Neu! Reekie! curate the second of their two nights at Leith Theatre. The themes tonight seem to be the ‘DIY or die’ ethic and also playfulness. In opening, compere Kevin Williamson explains that the showing of an Adam West-era ‘Batman’ TV episode instead of their usual avant garde animations or films was a conscious ‘fuck it’ to the reviewers that always comment on these.
After Batman, the opening artist, Molly Nilsson, quietly walks on stage and sets her backing recording running which she will sing over. Her music is a lo-fi synth-pop which akin to the over-produced ‘80s without over-stepping into pomposity. The sounds have a self-consciously vintage feel so this does not feel like merely apeing a style. She achieves this although the echoing drum machine, the dramatic tempo changes and the simple synthesiser chords often have a power ballad feel. Her clear, dark and moody vocals blend with the music as she sings in an innocent way about social problems in ‘Money Never Dreams’ or ‘Let’s Talk About Privileges’.
The political theme continues next with the spoken word element of the evening, Linton Kwesi Johnson. Kwesi Johnson is the father of dub poetry, which is a lyrical chanting to a reggae rhythm. Unlike his records, tonight he performs without any music. He is a small, well-dressed man with suit and tie and trilby hat, whose burring baritone rolls out his patois words to the rhythm. He delivers his poems in a deliberate, serious manner that fits their political content.
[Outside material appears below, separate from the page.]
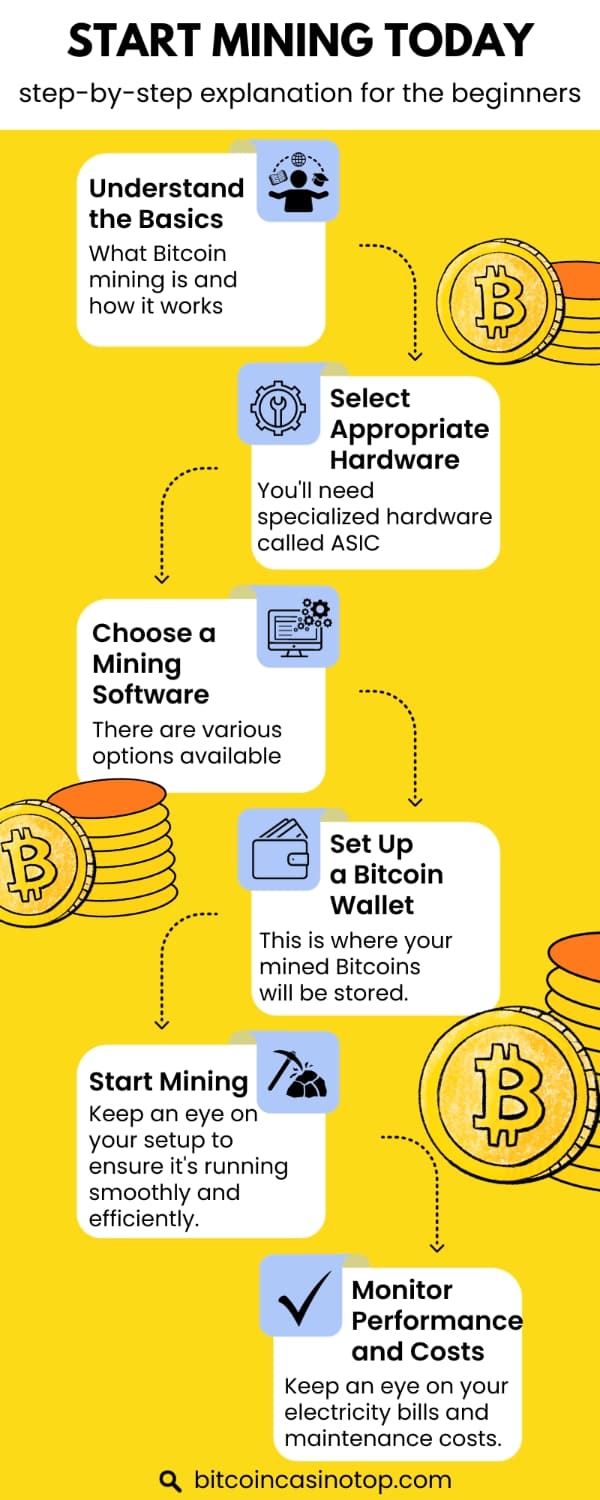 bitcoin mining step-by-step instruction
We get a series of poems from the ‘70s and early ‘80s which aim to show that his was the rebel generation as they defied the idea that the minority are powerless. He contradicts the idea that the Caribbean community in the UK wanted to remain separate and celebrates that they have achieved integration. The most powerful of all his pieces, ‘Sonny’s Lettah’ was part of a successful campaign to challenge the courts’ application of an outdated law (the so-called Sus Law). He talks through the social context of each piece as the black community seek to integrate into the UK. The fight for the investigation of racist murders at Newcross in an extract of ‘The Newcross Massacre’. The struggle against policing tactics such as Operation Swamp in ‘Di Great Insoreckshan’.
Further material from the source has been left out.